You're tracking my what?

Before the privacy hairs stand up on the back your neck, relax. We're talking about data collected anonymously and in aggregate, after someone has created a specific, expressed relationship with a site (through a registration process, for example). No Big Brother here.

How does it work?

Say a user cruises through several MSN pages. She checks recent college football scores, then hops over to travel to research hotel specials and flight schedules. Then she clicks to monitor her company's stock and glance at this week's East coast weather. That's your average user session. Perhaps she repeats this a couple days in a row, or over a couple weekends.

If you were a supplier of airline travel, you'd want to ensure your ad shows up in the airline travel section so the message is contextually relevant, right?
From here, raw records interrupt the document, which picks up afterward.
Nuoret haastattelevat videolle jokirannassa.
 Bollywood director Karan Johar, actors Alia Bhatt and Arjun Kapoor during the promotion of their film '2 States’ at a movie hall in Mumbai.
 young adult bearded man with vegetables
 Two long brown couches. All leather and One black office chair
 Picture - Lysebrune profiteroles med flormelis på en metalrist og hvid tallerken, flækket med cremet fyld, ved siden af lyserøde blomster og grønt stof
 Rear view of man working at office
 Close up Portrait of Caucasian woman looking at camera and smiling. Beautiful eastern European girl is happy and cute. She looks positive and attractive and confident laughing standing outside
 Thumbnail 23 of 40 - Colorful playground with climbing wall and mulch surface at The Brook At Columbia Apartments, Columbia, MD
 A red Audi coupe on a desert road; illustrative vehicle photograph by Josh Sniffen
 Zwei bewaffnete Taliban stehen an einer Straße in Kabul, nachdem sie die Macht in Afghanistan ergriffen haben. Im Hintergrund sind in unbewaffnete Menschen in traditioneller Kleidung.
But since you've enabled behavioral targeting criteria, you can also hit that same user with an airline ad while she's in other MSN content sections because her implied behavior indicates she may be interested in a weekend trip to a college game in sunny Florida (if her brokerage account is looking up, that is).

This might sound far-fetched, but stay with me.

What's old is new again

Many top publishers are getting serious about behavioral targeting, but one property has done it for years: Yahoo! Once called "fusion marketing" (which earned the nickname "con-fusion marketing"), Yahoo! has turned its wealth of user data into a tool to strategically optimize less-requested inventory, maximizing its ability to generate revenue (see the company's recent buff earnings report).

The five ways Yahoo! behaviorally targets users

Keyword Search User types in a specific product, say "roller blades." For the next hour, you can serve creative for the new Aero 9 model skates no matter where the user is within Yahoo's network.

Page View That same person happens to use Yahoo!'s directory to drill down to street sports or related content categories. They check out several pages related to skating. Based on that activity, you create a trigger to serve additional Aero 9 ads as they access other content.

Ad Clicks If our user interacts with ads matching your product's category, you can use the activity to serve your message on a future page view. This isn't Gator-ish. We aren't hijacking anyone's site or page view. We use expressed behavior to trigger the ad server to queue your creative on the next page. Think of it as "sequentially relevant ad serving."

Transactional activity Skater girl decides she'll hop a plane to this weekend's game in Florida. She'd love to cruise the boardwalk on her blades. First, find a cheap airfare. After she books that low fare, your targeting criteria kick in. You serve ads for southern Florida hotel specials, as we know from the transactional activity she booked a Miami flight. More options: Not only can you target her after the transaction, you can use her shopping and comparison activities even before the flight's booked. Her flight schedule look-up activity indicates our user is checking out Miami. Why not offer a package deal for air and hotel at one nifty price?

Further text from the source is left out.